● EXERCISE DETAILS: The stretch wanted below opens at the line containing "LOUIS VUITTON Shoulder" and closes at the line containing "Haute Hippie Tribe". Please return it exactly, with no other lines.

● INFORMATION SUPPLIED:
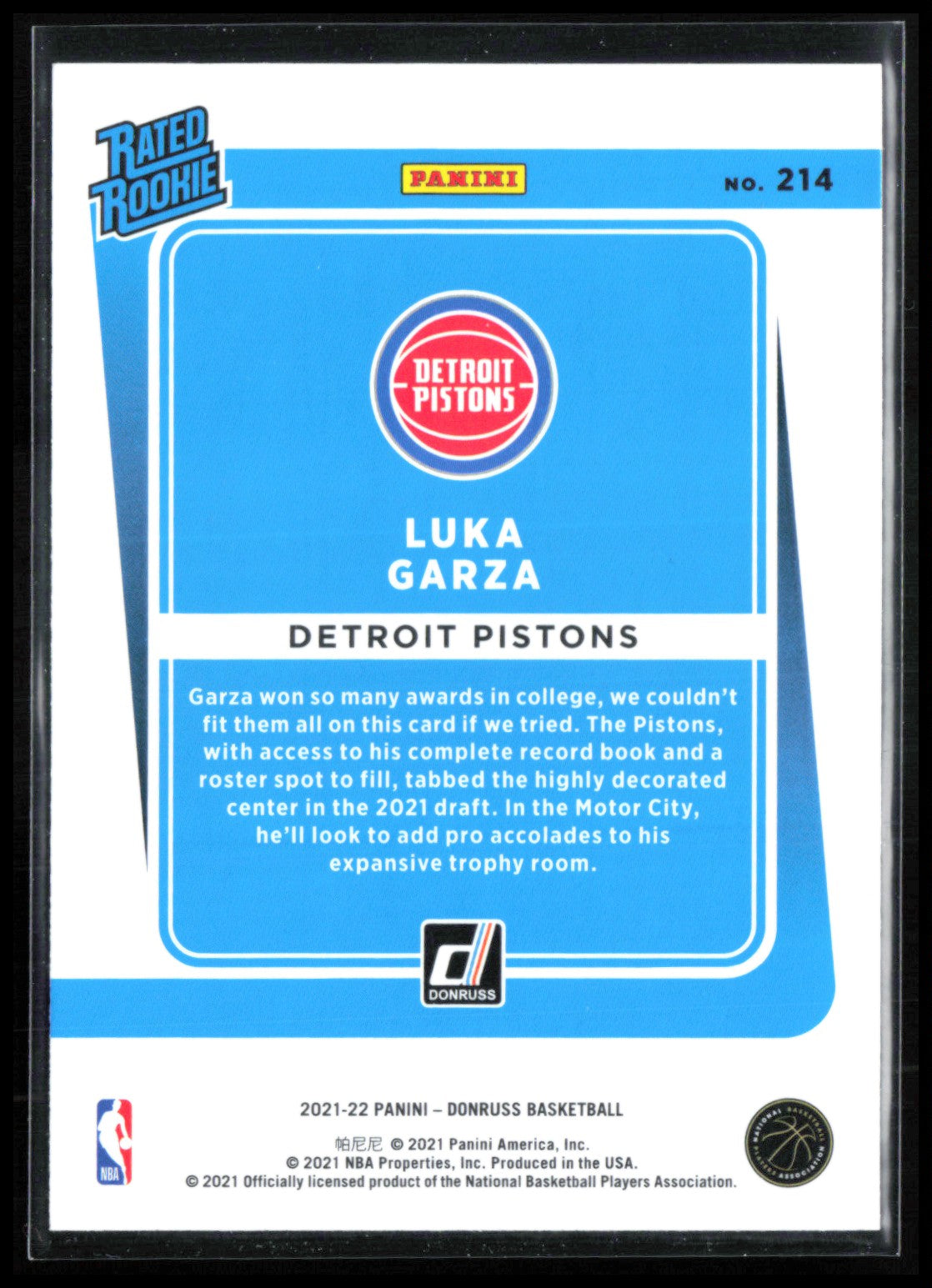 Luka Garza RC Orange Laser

==

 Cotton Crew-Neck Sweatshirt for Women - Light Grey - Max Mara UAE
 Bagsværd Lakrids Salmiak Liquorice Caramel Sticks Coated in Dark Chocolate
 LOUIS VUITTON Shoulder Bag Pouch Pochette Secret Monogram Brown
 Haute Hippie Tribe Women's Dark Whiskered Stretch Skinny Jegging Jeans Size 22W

* * *

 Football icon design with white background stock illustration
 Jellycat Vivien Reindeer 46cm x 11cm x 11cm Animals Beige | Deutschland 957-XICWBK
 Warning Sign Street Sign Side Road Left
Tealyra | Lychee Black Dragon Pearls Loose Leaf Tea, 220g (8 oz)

● ANSWER BOX:
 LOUIS VUITTON Shoulder Bag Pouch Pochette Secret Monogram Brown
 Haute Hippie Tribe Women's Dark Whiskered Stretch Skinny Jegging Jeans Size 22W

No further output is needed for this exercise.